A walk through the Lower School hallways is always inspiring: mitten trees, calligraphic letters spelling out “kindness” and “friendship,” the faint hum of classroom activities in the background, and lots of bold, colorful, and joyful artwork. On a recent visit, we checked in with Lower & Middle School art teacher Bonnie Frith to learn more about the newly-completed works from students in grades 1-4.
The first graders had created winter-themed self-portraits, using watercolors and acrylic glitter glaze, that showed the students engaged in their favorite snowy activities.

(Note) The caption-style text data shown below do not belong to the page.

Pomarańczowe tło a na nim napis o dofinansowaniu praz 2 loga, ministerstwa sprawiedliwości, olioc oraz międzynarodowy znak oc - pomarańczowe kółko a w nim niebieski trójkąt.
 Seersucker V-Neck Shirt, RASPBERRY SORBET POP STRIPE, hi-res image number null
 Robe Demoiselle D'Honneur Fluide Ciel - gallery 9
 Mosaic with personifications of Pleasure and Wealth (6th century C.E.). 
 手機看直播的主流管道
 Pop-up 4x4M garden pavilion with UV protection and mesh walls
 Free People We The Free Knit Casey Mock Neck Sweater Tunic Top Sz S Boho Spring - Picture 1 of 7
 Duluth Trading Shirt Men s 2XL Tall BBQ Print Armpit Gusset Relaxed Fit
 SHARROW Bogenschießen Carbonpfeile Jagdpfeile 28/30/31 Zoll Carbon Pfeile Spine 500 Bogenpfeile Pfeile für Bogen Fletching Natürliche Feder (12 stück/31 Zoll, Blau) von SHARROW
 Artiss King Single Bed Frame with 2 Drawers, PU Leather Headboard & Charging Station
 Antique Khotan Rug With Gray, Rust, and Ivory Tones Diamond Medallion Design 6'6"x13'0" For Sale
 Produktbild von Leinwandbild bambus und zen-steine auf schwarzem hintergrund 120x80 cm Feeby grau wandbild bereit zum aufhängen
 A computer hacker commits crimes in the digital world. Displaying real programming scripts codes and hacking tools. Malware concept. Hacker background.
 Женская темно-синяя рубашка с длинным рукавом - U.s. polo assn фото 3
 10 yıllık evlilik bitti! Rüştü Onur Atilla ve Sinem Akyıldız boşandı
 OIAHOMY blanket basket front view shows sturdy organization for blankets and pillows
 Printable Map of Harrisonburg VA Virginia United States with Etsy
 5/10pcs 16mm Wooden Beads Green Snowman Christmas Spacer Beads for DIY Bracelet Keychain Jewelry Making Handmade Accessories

As Frith explained, a big part of the assignment was an exploration of proportion. “It is hard for students that age to get the concept that everything relates to everything else, for example that the distance between your shoulders is three times the width of your head,” she explains. “With these age groups, I am always teaching new techniques but also the simple act of slowing down, looking, and really seeing what is in front of us.“
The second graders studied deceptively simple works from artists Joan Miró and Jim Dine. With Miró, they noted the use of primary colors (plus black and green) and the abstract use of basic shapes like circles, rectangles and stars. The students then created their own works modeling the style of Miró. “With this assignment,” Frith shared, “something happens when the students see the finished painting; see it all come together. Along the way it feels very simple—five colors, basic shapes and lines—but there are elements of balance and rhythm that start to come through as the pieces develop.”
In a similar way, when students created hearts inspired by the those of pop artist Jim Dine, they were experimenting with using various media and processes, such as spreading paint with a brayer, to create texture, depth and balance.
With the third-graders, Frith introduced the technique of weaving and the idea that weaving does not have to be limited to cloth. The students began by painting sheets of paper, which they then cut down into measured strips. They then wove the strips, added detail and dimension by gluing on different sized shapes, and applied a finish coat of acrylic glaze.
Fourth-graders immersed themselves in attention detail; spending hours completing beautiful, layered cityscapes.
The students began by creating winter backgrounds; these comprised tissue-paper collages with cut snowflakes glued on top. Then the students painstakingly decorated colored paper with gel pens. Frith notes that she originally gave the fourth-graders markers, but the finer tips on the gel pens meant that they had to slow down more and really be thoughtful about their decorations. Once the papers were decorated, students cut shapes for the various houses and the roofs and used white paper shapes for the windows and doors. The shapes were then arranged on the backgrounds and layered to create depth. “That assignment had a lot of pieces to it,” Frith shares. “Proportion, radial symmetry for the cut snowflakes, layering, creating depth, and of course the benefit of slowing down and enjoying the process of creating something new.”
If you have not had a chance to see some of the student work in person, artwork from all of our grades remains on display in the Performing Arts & Community Center and Founders Hall through the winter.